▶ _Work to complete_
For this item, repeat the material exactly while omitting its pictures.

▶ _Information provided_
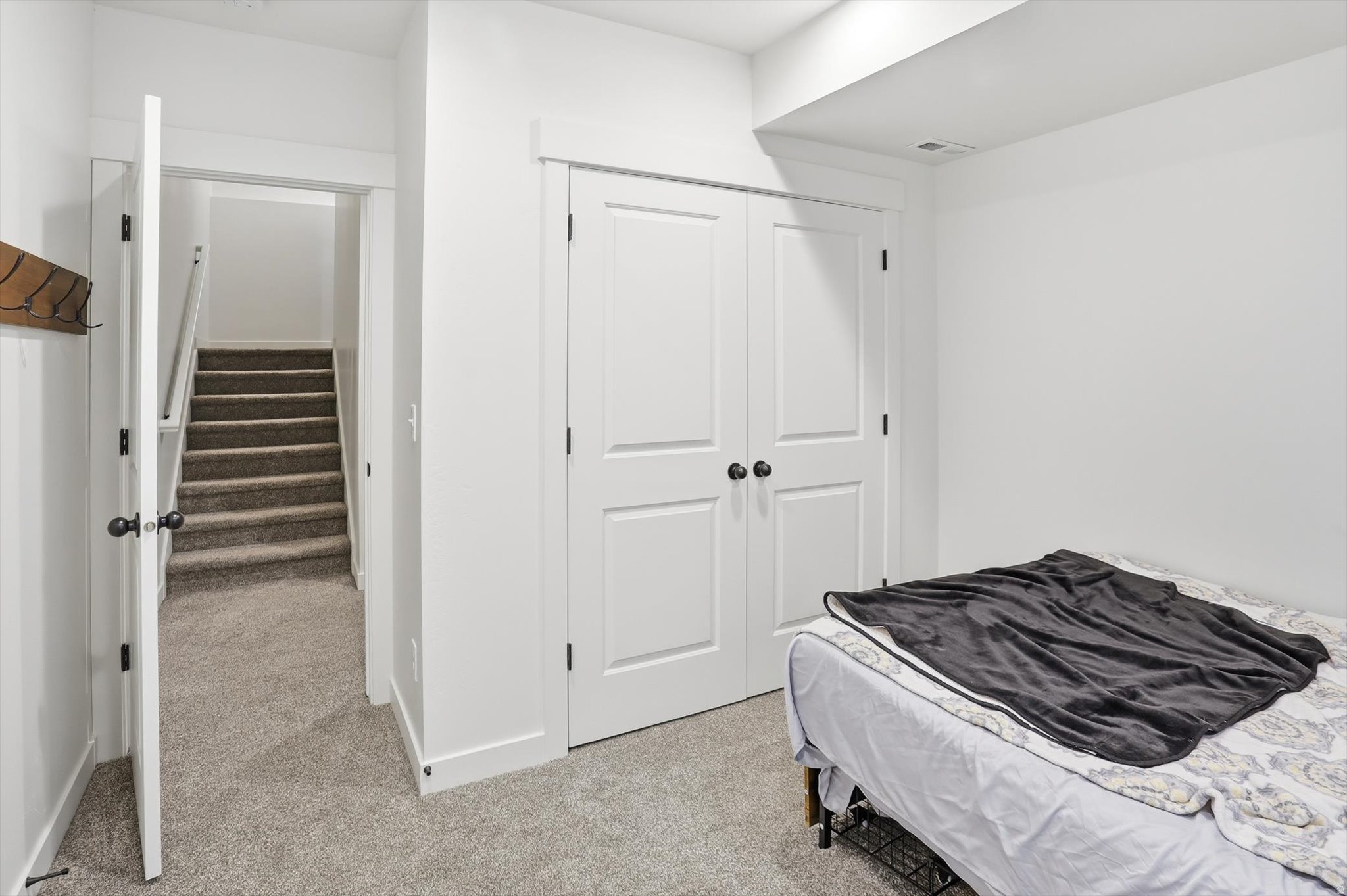 DAYBREAK - Residential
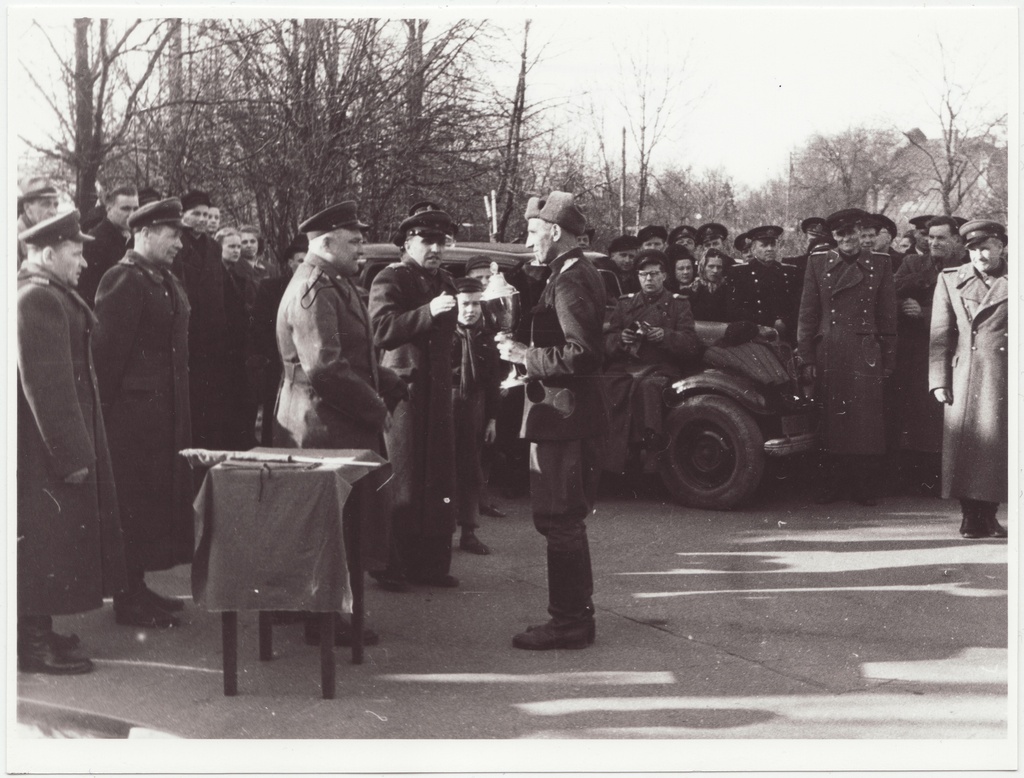 Tallinna sõjaväestatud tuletõrjekomandode  teatejooks Kadriorus: võitja autasustamine, 1953.a.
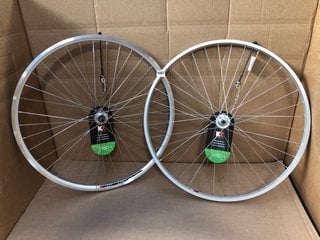 2 X KX COMP HYBRID 700C REAR BICYCLE WHEELS IN SILVER: LOCATION - BR6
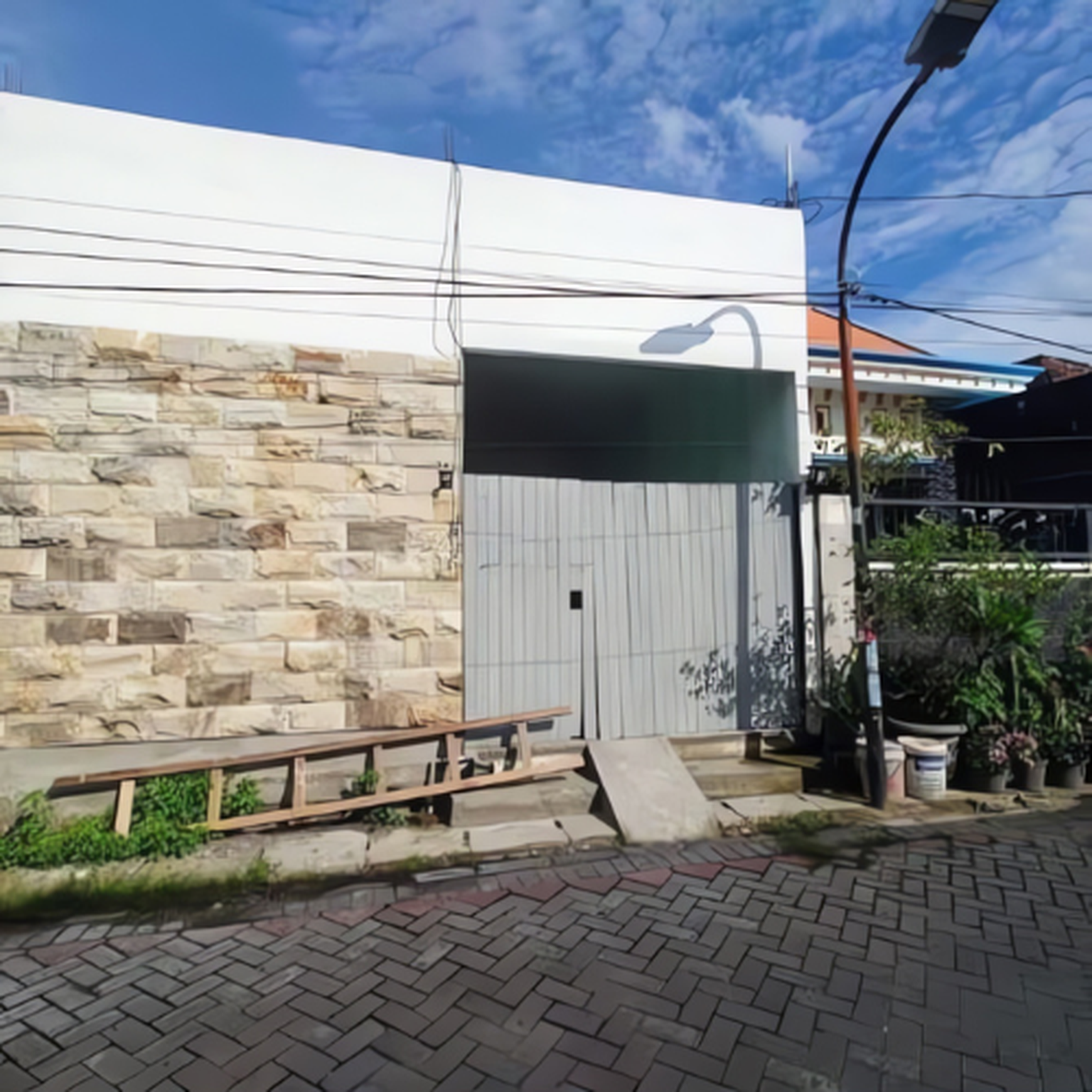 Rumah Siap Huni PDAM & Listrik 2200W - Kauman Asri Pakal, 300 Juta!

▶ _Answer_
 DAYBREAK - Residential
 Tallinna sõjaväestatud tuletõrjekomandode  teatejooks Kadriorus: võitja autasustamine, 1953.a.
 2 X KX COMP HYBRID 700C REAR BICYCLE WHEELS IN SILVER: LOCATION - BR6
 Rumah Siap Huni PDAM & Listrik 2200W - Kauman Asri Pakal, 300 Juta!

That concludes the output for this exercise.